(Saved data entries)
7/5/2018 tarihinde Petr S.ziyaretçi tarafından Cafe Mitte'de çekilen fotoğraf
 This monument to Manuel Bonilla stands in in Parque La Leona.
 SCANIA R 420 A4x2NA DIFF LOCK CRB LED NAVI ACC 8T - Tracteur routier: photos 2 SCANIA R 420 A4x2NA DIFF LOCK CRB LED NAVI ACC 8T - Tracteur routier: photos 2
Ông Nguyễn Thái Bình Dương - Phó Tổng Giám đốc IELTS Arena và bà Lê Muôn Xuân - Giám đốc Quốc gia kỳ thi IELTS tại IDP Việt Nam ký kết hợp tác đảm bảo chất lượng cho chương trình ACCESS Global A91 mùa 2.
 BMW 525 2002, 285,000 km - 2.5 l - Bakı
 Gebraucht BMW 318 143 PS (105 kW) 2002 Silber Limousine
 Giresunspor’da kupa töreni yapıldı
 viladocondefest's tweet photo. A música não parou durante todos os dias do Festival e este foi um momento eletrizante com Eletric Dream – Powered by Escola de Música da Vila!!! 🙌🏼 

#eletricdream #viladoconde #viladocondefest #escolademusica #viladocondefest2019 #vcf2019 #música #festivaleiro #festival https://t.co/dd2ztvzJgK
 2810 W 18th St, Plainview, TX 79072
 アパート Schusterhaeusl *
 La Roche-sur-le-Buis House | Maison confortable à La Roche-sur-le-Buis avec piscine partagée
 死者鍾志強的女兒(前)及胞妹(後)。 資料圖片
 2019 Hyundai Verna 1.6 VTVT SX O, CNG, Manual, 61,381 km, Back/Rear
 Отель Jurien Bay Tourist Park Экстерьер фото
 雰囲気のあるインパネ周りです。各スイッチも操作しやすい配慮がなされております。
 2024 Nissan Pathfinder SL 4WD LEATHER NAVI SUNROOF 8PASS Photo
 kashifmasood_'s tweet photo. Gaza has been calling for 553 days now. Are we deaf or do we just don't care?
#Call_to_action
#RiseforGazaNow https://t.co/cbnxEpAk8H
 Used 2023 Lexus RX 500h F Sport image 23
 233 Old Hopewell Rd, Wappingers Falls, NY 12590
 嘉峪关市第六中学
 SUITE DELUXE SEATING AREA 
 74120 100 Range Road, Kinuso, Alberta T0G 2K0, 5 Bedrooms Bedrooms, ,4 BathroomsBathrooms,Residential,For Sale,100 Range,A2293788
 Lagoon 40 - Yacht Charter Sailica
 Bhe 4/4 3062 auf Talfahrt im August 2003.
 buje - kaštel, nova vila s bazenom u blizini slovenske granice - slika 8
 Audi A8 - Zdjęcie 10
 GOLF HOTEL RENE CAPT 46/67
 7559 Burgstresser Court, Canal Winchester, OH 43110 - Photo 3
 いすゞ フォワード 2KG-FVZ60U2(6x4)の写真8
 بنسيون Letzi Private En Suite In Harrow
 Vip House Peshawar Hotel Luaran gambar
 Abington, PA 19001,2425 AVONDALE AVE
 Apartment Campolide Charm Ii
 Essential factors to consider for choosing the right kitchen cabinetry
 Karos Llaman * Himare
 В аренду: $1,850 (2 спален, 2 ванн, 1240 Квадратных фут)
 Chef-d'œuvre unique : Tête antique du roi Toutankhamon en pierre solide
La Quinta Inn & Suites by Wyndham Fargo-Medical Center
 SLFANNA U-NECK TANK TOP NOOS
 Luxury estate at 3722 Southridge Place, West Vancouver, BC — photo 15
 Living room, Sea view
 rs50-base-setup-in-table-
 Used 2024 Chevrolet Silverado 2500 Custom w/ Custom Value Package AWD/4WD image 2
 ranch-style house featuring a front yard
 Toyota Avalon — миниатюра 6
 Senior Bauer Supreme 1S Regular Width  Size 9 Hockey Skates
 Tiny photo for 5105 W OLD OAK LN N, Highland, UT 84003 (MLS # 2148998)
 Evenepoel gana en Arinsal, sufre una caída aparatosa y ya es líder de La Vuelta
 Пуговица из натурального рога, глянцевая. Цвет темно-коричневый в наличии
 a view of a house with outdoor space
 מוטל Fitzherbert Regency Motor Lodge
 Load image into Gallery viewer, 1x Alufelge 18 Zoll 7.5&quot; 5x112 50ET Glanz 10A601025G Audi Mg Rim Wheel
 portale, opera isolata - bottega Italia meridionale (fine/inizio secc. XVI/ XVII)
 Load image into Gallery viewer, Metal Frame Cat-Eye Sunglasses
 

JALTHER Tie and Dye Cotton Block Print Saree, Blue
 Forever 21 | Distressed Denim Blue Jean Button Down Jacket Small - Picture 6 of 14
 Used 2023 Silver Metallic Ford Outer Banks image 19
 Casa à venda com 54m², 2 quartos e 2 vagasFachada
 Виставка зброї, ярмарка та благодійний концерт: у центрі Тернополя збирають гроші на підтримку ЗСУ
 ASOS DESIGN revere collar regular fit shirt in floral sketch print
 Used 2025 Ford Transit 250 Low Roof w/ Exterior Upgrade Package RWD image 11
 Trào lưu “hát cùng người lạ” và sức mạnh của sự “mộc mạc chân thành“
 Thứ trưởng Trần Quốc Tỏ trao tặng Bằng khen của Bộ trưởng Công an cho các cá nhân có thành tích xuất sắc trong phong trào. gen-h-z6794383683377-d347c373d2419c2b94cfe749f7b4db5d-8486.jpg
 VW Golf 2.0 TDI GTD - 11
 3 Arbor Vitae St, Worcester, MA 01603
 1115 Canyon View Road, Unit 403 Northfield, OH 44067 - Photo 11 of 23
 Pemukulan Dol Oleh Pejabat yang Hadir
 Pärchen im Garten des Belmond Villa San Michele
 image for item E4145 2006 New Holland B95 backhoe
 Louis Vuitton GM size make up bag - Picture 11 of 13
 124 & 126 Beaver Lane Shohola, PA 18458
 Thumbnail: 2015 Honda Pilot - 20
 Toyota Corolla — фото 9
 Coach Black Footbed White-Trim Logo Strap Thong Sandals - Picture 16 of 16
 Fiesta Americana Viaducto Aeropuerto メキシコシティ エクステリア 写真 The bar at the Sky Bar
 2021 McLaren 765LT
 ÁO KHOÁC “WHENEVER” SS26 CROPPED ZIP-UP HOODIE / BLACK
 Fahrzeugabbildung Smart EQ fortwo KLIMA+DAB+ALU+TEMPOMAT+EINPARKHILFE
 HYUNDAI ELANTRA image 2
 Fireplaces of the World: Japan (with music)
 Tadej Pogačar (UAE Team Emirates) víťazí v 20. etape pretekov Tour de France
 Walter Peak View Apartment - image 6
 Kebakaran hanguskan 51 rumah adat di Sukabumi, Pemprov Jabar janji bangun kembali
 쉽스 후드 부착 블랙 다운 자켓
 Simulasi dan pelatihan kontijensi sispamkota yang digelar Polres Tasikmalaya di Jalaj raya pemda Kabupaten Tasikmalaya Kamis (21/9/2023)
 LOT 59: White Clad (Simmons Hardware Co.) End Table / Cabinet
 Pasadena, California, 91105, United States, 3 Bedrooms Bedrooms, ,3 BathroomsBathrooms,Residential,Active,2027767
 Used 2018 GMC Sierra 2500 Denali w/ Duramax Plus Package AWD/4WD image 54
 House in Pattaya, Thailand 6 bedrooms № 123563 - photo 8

■ THE PROBLEM
In the entries above, find the line holding "kashifmasood_'s tweet photo." and the line holding "233 Old Hopewell", then retype exactly those two lines and every line between them, and nothing else.

■ TASK SOLUTION
 kashifmasood_'s tweet photo. Gaza has been calling for 553 days now. Are we deaf or do we just don't care?
#Call_to_action
#RiseforGazaNow https://t.co/cbnxEpAk8H
 Used 2023 Lexus RX 500h F Sport image 23
 233 Old Hopewell Rd, Wappingers Falls, NY 12590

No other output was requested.